Collaboration and Communication 

  • Thrive in an entrepreneurial, self-starting, and fast-paced environment, working both independently and with our highly skilled teams. 

  • Collaborate effectively with business users, data analysts, scientists, and other IT teams. 

  • Communicate technical information clearly and concisely, both verbally and in writing, to technical and nontechnical stakeholders. 

  • Document all development work, data models, and procedures thoroughly, including bioinformatics and scientific data flows. 

Continuous Growth 

  • Keep abreast of the latest advancements in data integration, cloud platforms, bioinformatics tooling, and data engineering technologies. 

  • Continuously improve skills and knowledge through training and self-learning in both data engineering and bioinformatics domains. 

Requirements 

  • Bachelor's degree in Computer Science, Information Systems, Bioinformatics, Computational Biology, or a related field; a Master's degree is an asset. 

  • 7+ years of experience in data integration and reporting, with experience designing and operating cloud-based data platforms. 

  • Extensive experience with Databricks, including Python, Spark, and Delta Lake. 

  • Strong proficiency with relational databases (e.g., SQL Server, RDS), including TSQL, stored procedures, and functions. 

  • Experience with data warehousing concepts and best practices. 

  • Experience with Microsoft Azure cloud platform; exposure to Microsoft Fabric is desirable. 

  • Hands on experience working with biological, genomic, or other omics datasets in a bioinformatics or life sciences setting (e.g., sequence data, SNP arrays, GWAS outputs, phenotypic traits). 

  • Familiarity with common bioinformatics tools, data formats (e.g., FASTQ, VCF, PLINK), and workflows is highly desirable. 

  • Strong analytical and problem-solving skills, with the ability to reason about complex data and scientific requirements. 

  • Excellent communication and interpersonal skills. 

  • Ability to work independently and as part of a cross-functional team across IT, science, and business. 

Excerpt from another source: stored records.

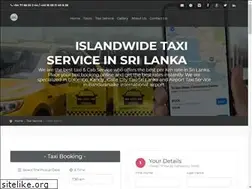 Sites similar to yenaratours.com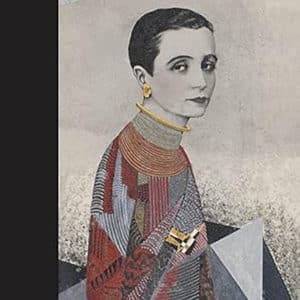 Modern Taste: Art Deco in Paris 1910-1935 (Hardcover)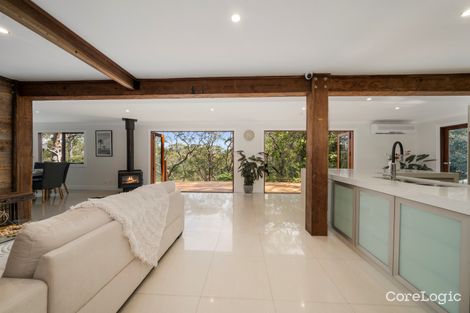 Property photo of 10 Claros Close Hornsby Heights NSW 2077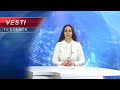 Vesti tv sombor 27 mart 2024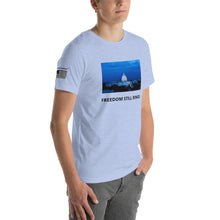 Load image into Gallery viewer, Freedom Tee I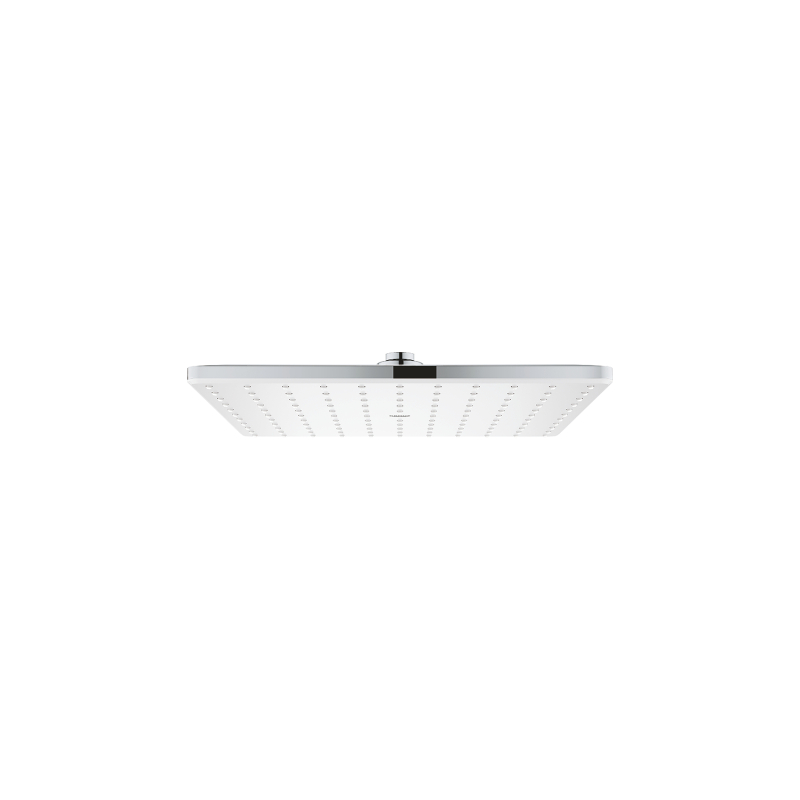 Grohe Rainshower Mono 310 Cube Tepe Duşu 1 Akışlı - 26568Ls0 - 2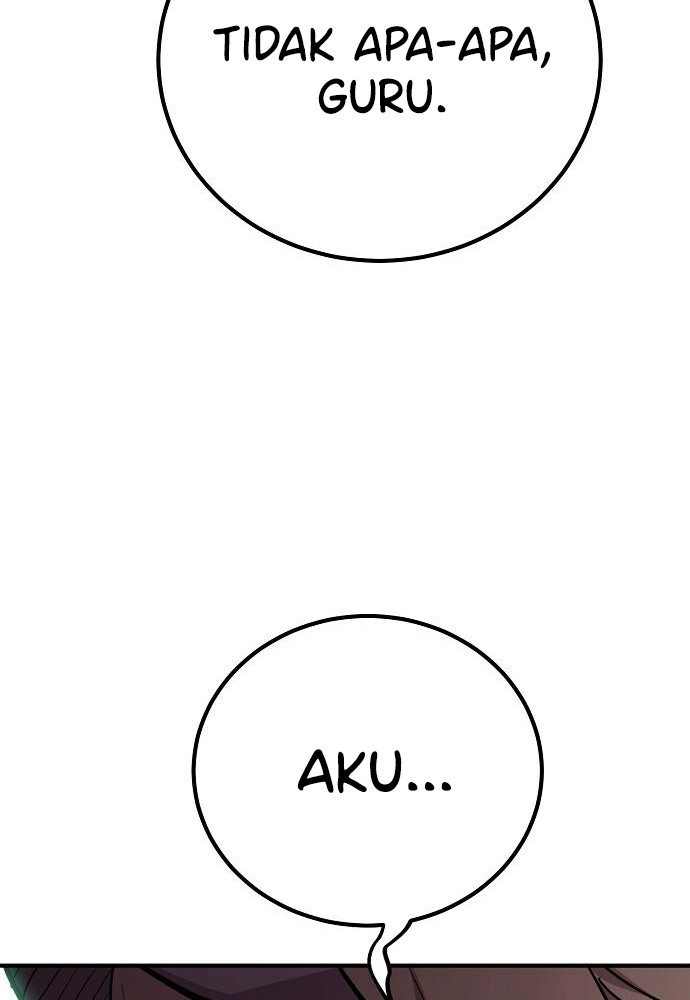 Player Chapter 170 Gambar 128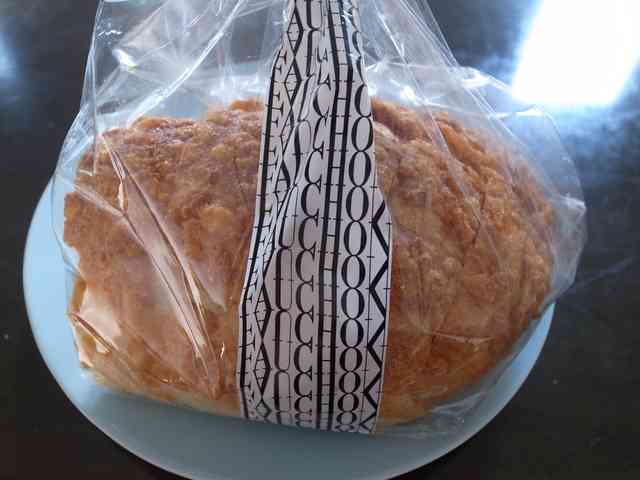 チーズ好きさん集まりましょう。
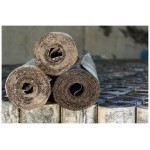 Рубероид РКП 350 ТУ 1х15 м, рул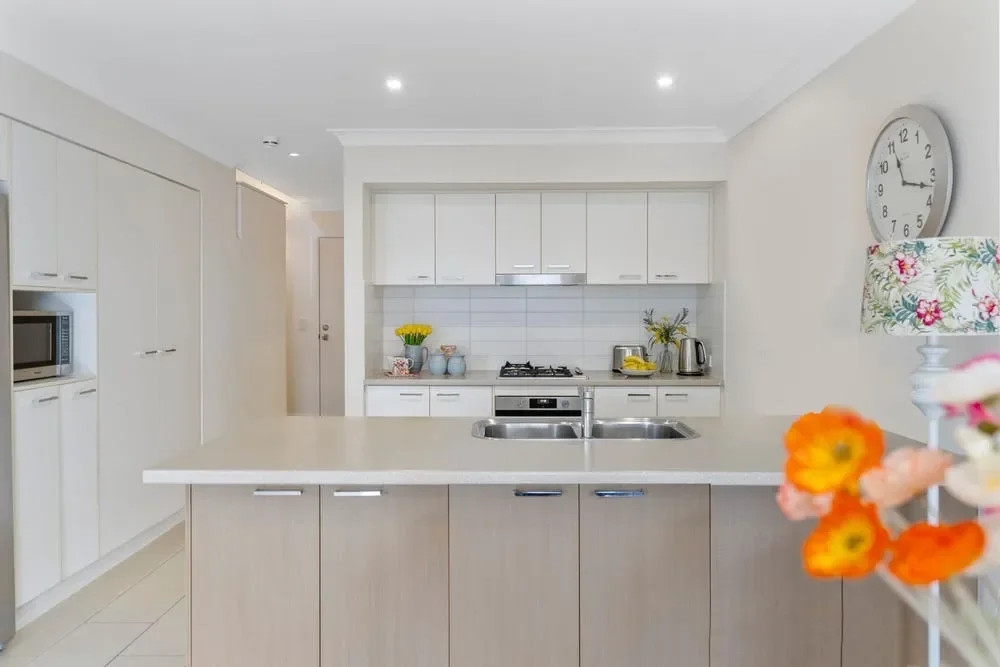 Additional image 2 of 6 Kooyonga Place, Brookwater QLD 4300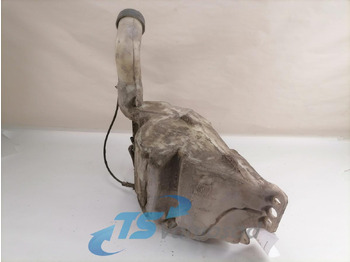 Essuie-glace pour Camion Scania windscreen washer fluid tank 1772662: photos 3 Essuie-glace pour Camion Scania windscreen washer fluid tank 1772662: photos 3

  • Experience with Agile methodologies. 

  • Demonstrated background in bioinformatics or computational biology, preferably supporting genetics, breeding, or life science research in an applied or commercial context. 

  • Must be legally authorized to work in the United States.

As a holding company with cooperative and private ownership, URUS is a family of businesses at the heart of the dairy and beef industry - Alta Genetics, GENEX, Genetics Australia, Leachman Cattle, Jetstream, PEAK, SCCL, Trans Ova Genetics and VAS.  Each organization has its unique identity, products, and services. These companies work globally to provide cutting-edge dairy and beef genetics, customized reproductive services to maximize conceptions, dairy management information to take producers to the frontline of progressive dairy farming, and an array of products and services to help bovines reach their full genetic potential. URUS has 9 brands in 17 retail countries and employs nearly 2,800 people globally.